De meest betekenisvolle wijziging werd in 1935 aangebracht door minister-president Colijn. Bij een debat over het bezuinigingsbeleid van zijn kabinet was van de zijde van regeringsfractie RKSP bij monde van fractieleider Aalberse ernstige kritiek geuit. Colijn was daarover zeer ontstemd. Hij plaatste de katholieke fractie op één lijn met de communisten en socialisten in de Kamer en besloot zijn reactie met het nadrukkelijk vragen van vertrouwen. Later realiseerde hij zich blijkbaar dat wij geen 'motie van vertrouwen' kennen, maar alleen een motie van wantrouwen. Hij voegde daarom in het stenogram aan zijn betoog de woorden toe: 'door het achterwege laten van ondermijnende critiek'. De toevoeging werd toegestaan, maar de uitkomst van het debat bleef ongewijzigd: het kabinet viel.

In 1960 probeerde minister Visser van Defensie (in het kabinet-De Quay) de geschiedenis enigszins te 'herschrijven'. In een debat over Nieuw-Guinea sprak hij over de te verwachten Amerikaanse militaire steun bij de beveiliging van dat eiland. Hij zei: "Ik zou erop willen wijzen dat wij op die hulp kunnen rekenen 'en daarop kunnen rekenen'. De laatste vier woorden, die duidelijk als een aanscherping van zijn betoog waren bedoeld, schrapte hij. Naar hij zelf zei, uit stilistisch oogpunt. De Gemengde Commissie achtte dat echter niet toegelaten.
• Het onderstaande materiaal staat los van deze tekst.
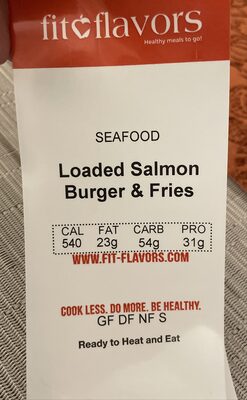 Loaded salmon burger & Fries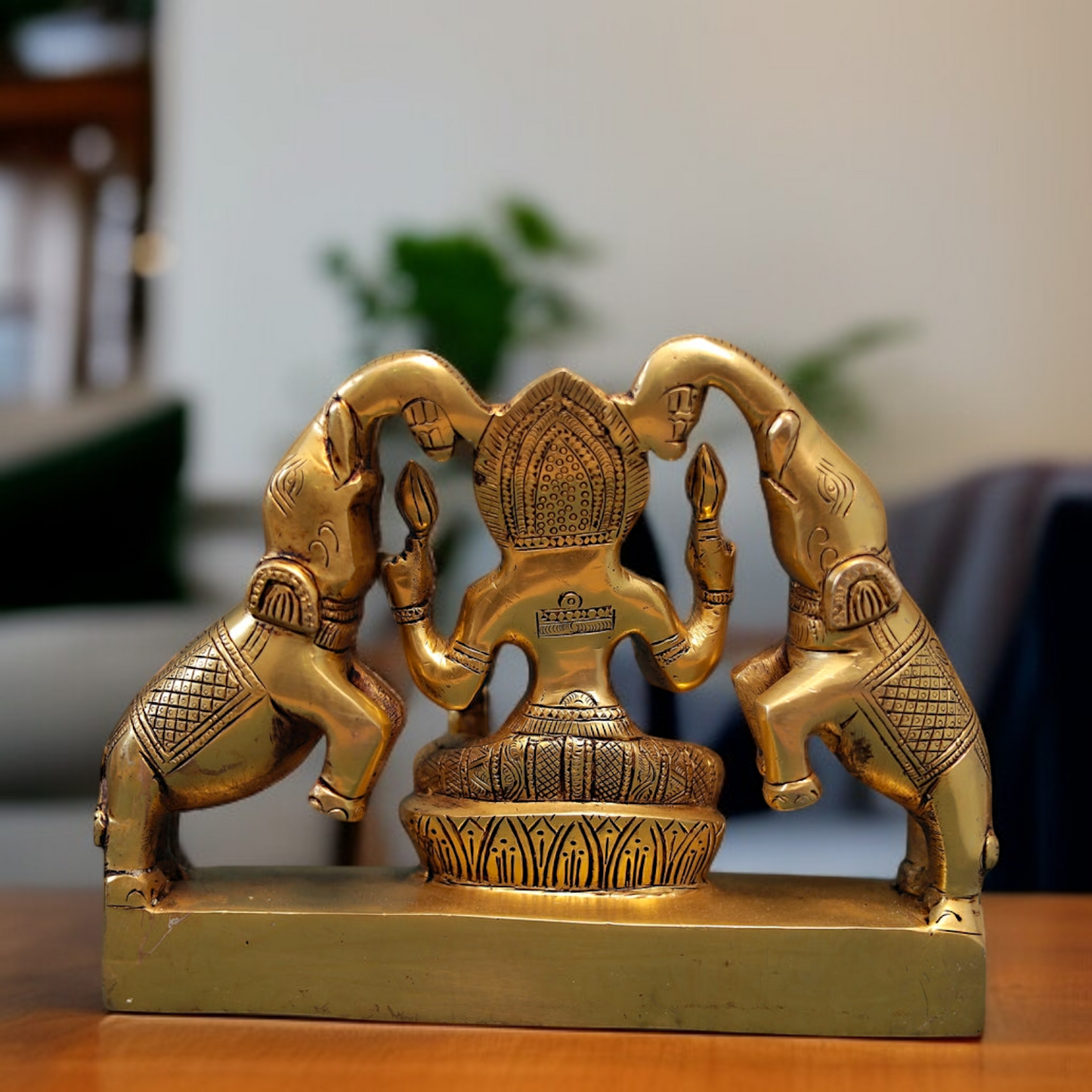 Goddess Gaja Lakshmi Seated with Blessing Brass idol - 9.5 Inches Nikuressence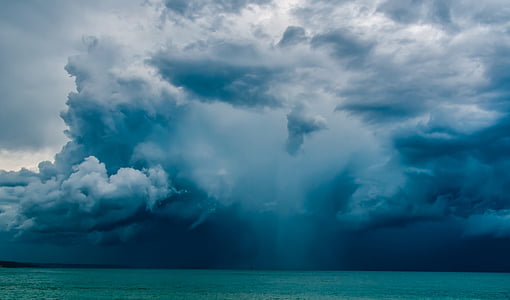 イタリア, gewitterstimmung, 海, 雲, 雨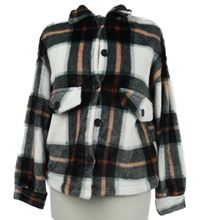 Dámská černo-bílo-růžová kostkovaná plyšová košilová bunda Shein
Onschuldiger was een correctie die minister Van Aardenne in 1978 aanbracht in zijn tekst. Tijdens het vragenuurtje had de PvdA'er Kolthoff vragen gesteld over de sterk gestegen prijs voor patat. Hij rekende de minister voor dat gezinnen een jaar lang een kwartje te veel hadden betaald, wat neerkwam op in totaal 40 tot 50 miljoen gulden. De minister betwistte dat en sloeg zelf ook aan het rekenen. Hij vergaloppeerde zich daarbij echter door niet uit te gaan van de consumptie 'per gezin', maar 'de man'.

In het stenogram wijzigde hij dat en hij corrigeerde ook een door hem gemaakte rekenfout. Dat laatste had in het debat Kolthoff tot conclusie gebracht dat de minister niet kon rekenen. Door de correctie kwam die opmerking 'in de lucht te hangen'. De zaak werd voorgelegd aan de Gemengde Commissie en die wist tot een schikking te komen. De correctie 'per gezin' werd in de Handelingen ongedaan gemaakt, maar de herstelde rekenfout werd wel gebillijkt.

Het 'incident' werd zonder enige ophef afgehandeld via de daarvoor reeds lang bestaande procedure. Hier uit blijkt: 1. gevallen als nu rond Donner deden zich vaker voor; 2. de Kamer is uitstekend in staat om deze kwesties zorgvuldig af te handelen. Natuurlijk is het goed als journalisten misstanden aan de kaak stellen en een Kamerlid mag ook best klagen over een aangebrachte wijziging. Maar dan wel graag op de juiste plek. Om zo'n ophef te maken over een tekstuele verbetering, daar twee keer in een actualiteitenprogramma aandacht aan te besteden, mondelinge vragen over stellen en te spreken van geschiedvervalsing... het is toch allemaal tamelijk overdreven.